Japan PM Suga says taking seriously scandals hitting Olympic organising team

Japan PM Suga says taking seriously scandals hitting Olympic organising team

Japanese Prime Minister Yoshihide Suga said on Thursday that he was “taking very seriously” the recent scandals involving the Olympic organising committee, adding that the opening ceremony should be held as planned on Friday.

On the eve of the Tokyo Games, organisers fired the director of the opening ceremony over a joke he made about the Holocaust.

Following are some of the notable scandals.

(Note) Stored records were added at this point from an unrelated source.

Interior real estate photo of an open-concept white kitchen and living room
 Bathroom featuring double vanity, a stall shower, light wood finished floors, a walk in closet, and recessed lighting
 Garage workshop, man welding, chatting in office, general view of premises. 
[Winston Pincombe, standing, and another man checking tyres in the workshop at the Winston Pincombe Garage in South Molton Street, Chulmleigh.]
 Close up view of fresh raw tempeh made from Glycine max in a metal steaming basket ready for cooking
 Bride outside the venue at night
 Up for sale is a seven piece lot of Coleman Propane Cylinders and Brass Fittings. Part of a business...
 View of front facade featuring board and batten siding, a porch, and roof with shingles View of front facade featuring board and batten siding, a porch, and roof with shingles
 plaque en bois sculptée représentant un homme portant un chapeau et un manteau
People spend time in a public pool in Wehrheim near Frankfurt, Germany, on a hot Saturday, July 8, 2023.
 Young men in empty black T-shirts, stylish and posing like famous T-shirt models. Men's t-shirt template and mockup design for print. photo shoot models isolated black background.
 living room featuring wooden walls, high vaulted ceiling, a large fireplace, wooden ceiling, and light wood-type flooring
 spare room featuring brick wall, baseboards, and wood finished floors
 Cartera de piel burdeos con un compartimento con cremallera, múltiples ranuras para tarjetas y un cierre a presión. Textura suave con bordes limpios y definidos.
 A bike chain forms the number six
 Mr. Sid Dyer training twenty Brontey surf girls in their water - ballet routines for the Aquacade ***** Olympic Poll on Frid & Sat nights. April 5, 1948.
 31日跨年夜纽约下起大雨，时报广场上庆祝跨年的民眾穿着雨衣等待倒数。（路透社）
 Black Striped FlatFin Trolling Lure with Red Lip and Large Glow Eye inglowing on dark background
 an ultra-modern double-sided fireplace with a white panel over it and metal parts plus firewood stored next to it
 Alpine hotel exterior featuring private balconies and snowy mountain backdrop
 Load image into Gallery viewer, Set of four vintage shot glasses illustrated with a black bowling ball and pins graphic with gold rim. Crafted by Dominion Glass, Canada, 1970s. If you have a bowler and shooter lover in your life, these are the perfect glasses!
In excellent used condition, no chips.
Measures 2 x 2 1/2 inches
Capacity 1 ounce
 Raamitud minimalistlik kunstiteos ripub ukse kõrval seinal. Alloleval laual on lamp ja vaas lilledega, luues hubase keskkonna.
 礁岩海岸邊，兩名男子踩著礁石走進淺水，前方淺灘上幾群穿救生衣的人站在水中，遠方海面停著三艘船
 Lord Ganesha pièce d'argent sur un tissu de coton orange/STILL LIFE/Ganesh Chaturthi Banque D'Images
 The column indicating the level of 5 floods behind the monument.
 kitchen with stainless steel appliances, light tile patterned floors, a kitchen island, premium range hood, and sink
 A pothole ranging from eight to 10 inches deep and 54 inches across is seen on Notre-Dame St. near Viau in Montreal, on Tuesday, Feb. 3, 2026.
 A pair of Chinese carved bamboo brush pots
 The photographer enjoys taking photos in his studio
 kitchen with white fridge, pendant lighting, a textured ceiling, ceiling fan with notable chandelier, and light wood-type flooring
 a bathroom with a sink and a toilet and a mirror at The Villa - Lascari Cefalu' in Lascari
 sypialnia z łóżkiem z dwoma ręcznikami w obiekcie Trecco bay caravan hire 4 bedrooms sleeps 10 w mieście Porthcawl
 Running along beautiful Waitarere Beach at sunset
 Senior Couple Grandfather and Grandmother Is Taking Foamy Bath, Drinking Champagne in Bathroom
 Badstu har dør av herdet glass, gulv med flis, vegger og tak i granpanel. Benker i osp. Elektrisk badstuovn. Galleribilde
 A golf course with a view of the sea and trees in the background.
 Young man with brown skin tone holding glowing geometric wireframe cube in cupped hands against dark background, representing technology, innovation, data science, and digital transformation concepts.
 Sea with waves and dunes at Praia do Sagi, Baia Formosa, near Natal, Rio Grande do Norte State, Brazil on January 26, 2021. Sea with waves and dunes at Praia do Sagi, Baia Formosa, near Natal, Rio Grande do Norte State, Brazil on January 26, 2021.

July 22 – Organisers fired the director of the opening ceremony, Kentaro Kobayashi, over a joke he made about the Holocaust as part of his comedy act in the 1990s, which recently resurfaced in domestic media.

Tokyo 2020 President Seiko Hashimoto told a news conference she was aware that scandals had turned some people against the ceremony. She said Kobayashi was let go because of his comments, which made fun of a tragic fact in history.

Earlier, the Simon Wiesenthal Center, an international Jewish human rights organisation, released a statement condemning Kobayashi’s past behaviour.

July 19 – Musician Keigo Oyamada stepped down as composer for the opening ceremony after old reports of his bullying and abusive behaviour resurfaced. He had come under fire after comments he made in interviews in the 1990s began circulating online.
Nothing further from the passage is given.